Для осуществления подобных хитроумных замыслов во всех странах существуют канцелярские писаки, ум которых, за отсутствием творческих мыслей, целиком направлен на составление или казенных отписок, или бумаг, слагающих с их начальства возможно большую долю ответственности. Впрочем, отношение ко мне всех наших главных управлений отражало характерные черты царского режима. Каждый министр считал себя самостоятельным и ответственным якобы только перед царем. Однако не только слабовольный Николай II, но и такие диктаторы, как Витте и Столыпин, оказывались не в силах подчинить своему авторитету собственных министров, подобно тому как это делал во всякой другой стране любой, даже посредственный, премьер. В результате один министр вел подкоп под другого, одно управление военного министра изыскивало способы свалить с себя ответственность на другое. Каждое российское ведомство, каждая комиссия мечтала завоевать для себя побольше прав и нести вместе с тем поменьше ответственности.
Подобные порядки плохо согласовались с той установкой в проведении заказов, на которой была основана моя конвенция с Альбером Тома Это конечно, хорошо понимали в Петрограде, и потому присылка в Париж весной 1915 года особой артиллерийской комиссии была обставлена так, как будто она не нарушала установленного в Париже порядка.
«Окажите содействие прибывающей во Францию особой артиллерийской комиссии полковника Свидерского», – гласила полученная мною краткая служебная телеграмма.
А я-то, глупец, взваливал на плечи французов всю техническую работу, стремясь сохранить для России не только специалистов-инженеров, но и офицеров, глубоко сознавая недостаток как в тех, так и в других.
Через несколько дней в мой кабинет вошел благообразный, еще не старый, но уже лысеющий артиллерийский полковник. Он познакомился со мной, как равный с равным, и так неясно произнес свою фамилию, что я скорее догадался, чем расслышал, что это и был Свидерский.
Ни из напечатанного на прекрасной бумаге «Положения об особой артиллерийской комиссии», ни из объяснения Свидерского, всячески избегавшего смотреть мне в глаза, мне не удалось установить наших с ним служебных взаимоотношений. Я только чувствовал, что сидевший против меня тихоня получил в Петрограде какие-то негласные инструкции, позволявшие ему претендовать на полную от меня независимость.

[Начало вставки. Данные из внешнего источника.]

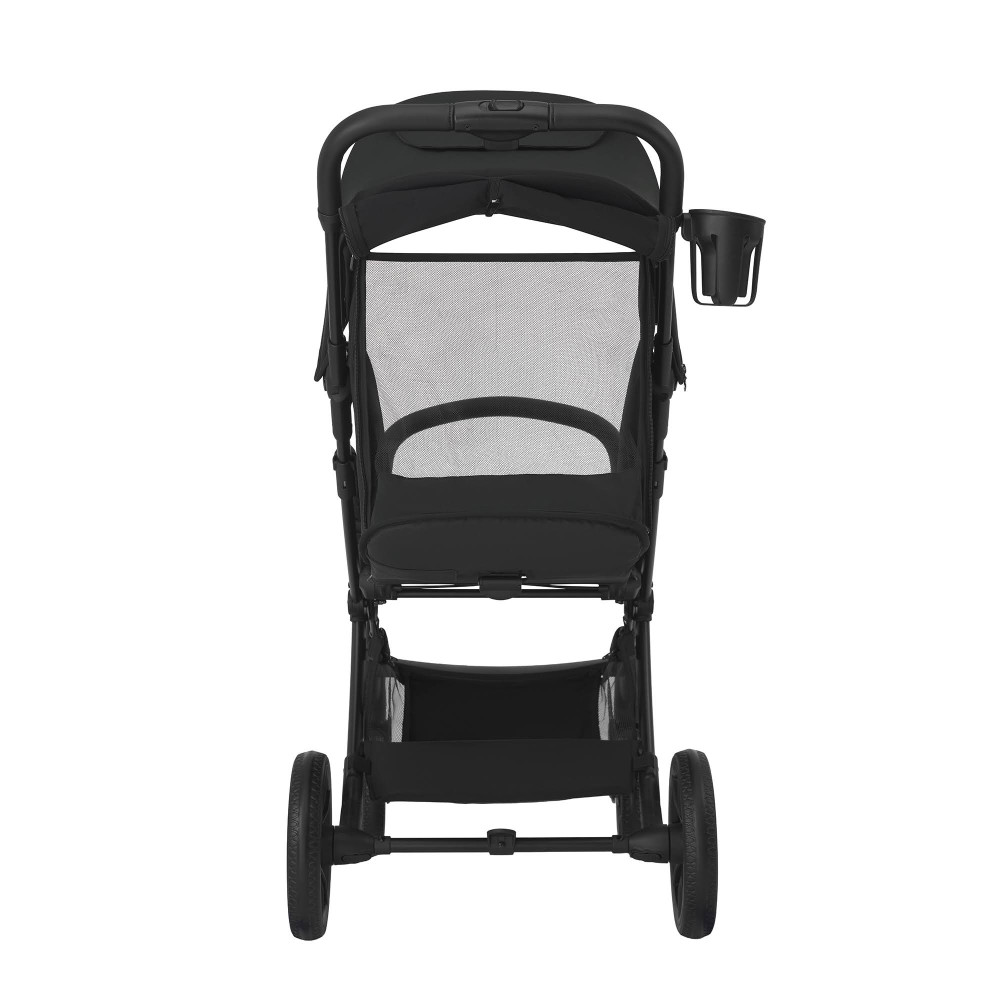 Espiro Fuel Pro - легка прогулянкова коляска, компактний візок, автоматична система складання • 09 Energy Taupe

Решившись поговорить со Свидерским по душам, я пригласил его в тот же день отобедать. Ласково припугнув меня своими связями с Сергеем Михайловичем, а следовательно и с Кшесинской, в салоне которой брат Свидерского завоевал себе прекрасное положение как хороший винтер, мой собеседник стал в конце обеда открывать передо мной и собственные карты. В Петрограде, по его словам, очень недовольны тем влиянием, которое якобы оказал на меня Костевич (в этой форме Свидерскому было приказано объяснить недовольство моей деятельностью представителя Шнейдера в Петрограде).